Many of you who have never dipped their imaginations in the ambiguous waters of science fiction won’t be familiar with Dune. You might also not know that Villeneuve directed the astonishing Sicario, a bloody tale starring Emily Blunt as an FBI agent who sets out to bring down a powerful Mexican cartel boss. Or that he also directed the even more astonishing Arrival, a science fiction story about an attempt by a linguist to communicate with aliens who’ve landed on Earth. Or that, most recently, he directed Blade Runner 2049, the sequel to Ridley Scott’s Blade Runner.
That’s the director. But how about the book? Have you read Dune? It was written by an American writer called Frank Herbert and published in 1965. It won the top awards for science fiction in that year and has remained the favourite of literally hundreds of thousands, if not millions, of sci-fi fans.
It’s a novel that defies easy explanation. In fact, it has also defied easy translation into film. Through the early 1970s, various unsuccessful attempts were made to adapt it by various producers.
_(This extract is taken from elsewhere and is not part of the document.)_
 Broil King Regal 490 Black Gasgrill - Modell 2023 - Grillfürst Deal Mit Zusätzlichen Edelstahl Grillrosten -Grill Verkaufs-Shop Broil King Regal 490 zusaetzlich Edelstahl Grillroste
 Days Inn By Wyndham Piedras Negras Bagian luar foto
The stories that emerged from one failure (by the director Alejandro Jodorowsky) are quite astonishing. For instance: Salvador Dali demanded $100 000 an hour to play the Emperor. Jodorowsky agreed to his terms – but ensured that Dali would be required for just one hour of shooting. The money that was raised, was withdrawn by the investors when the project threatened to balloon into a twelve-hour epic.
David Lynch made a version of the novel, or at least the first hundred pages of it – but in typical fashion he imposed his particular vision to such a degree that the film that emerged from his editing rooms bore little resemblance to the novel.*
Dune is set in the far distant future where the galaxy is ruled by an Emperor. Beneath him, vying for power among themselves, are a number of noble families. A semi-secret sisterhood called the Bene Gesserit strives to control the future through a programme of carefully orchestrated breeding. Commerce between the stars is controlled by a single organisation. Central to the economy of the galaxy is a drug, melange, which promotes longevity.
Melange is found in only one location – on the desert planet of Arrakis. On Arrakis, water is wealth. An ecology has developed in response to Arrakis’s aridity, and the native society of Fremen has evolved customs that are utterly strange to an outsider, but make absolute environmental and survival sense.
These are the bare bones of Herbert’s world-building. What’s instructive about Dune (and the books that followed it in a series that ultimately numbered six novels) is that he followed ruthlessly, and logically, the consequences of his premises.
Think about it: you imagine a world which is the only source of a drug that is valuable beyond measure, bequeathing on its users immortality, or something close to it. Then make that planet as dry and desiccated as the Namib Desert, where the only source of water is the dew that falls each night.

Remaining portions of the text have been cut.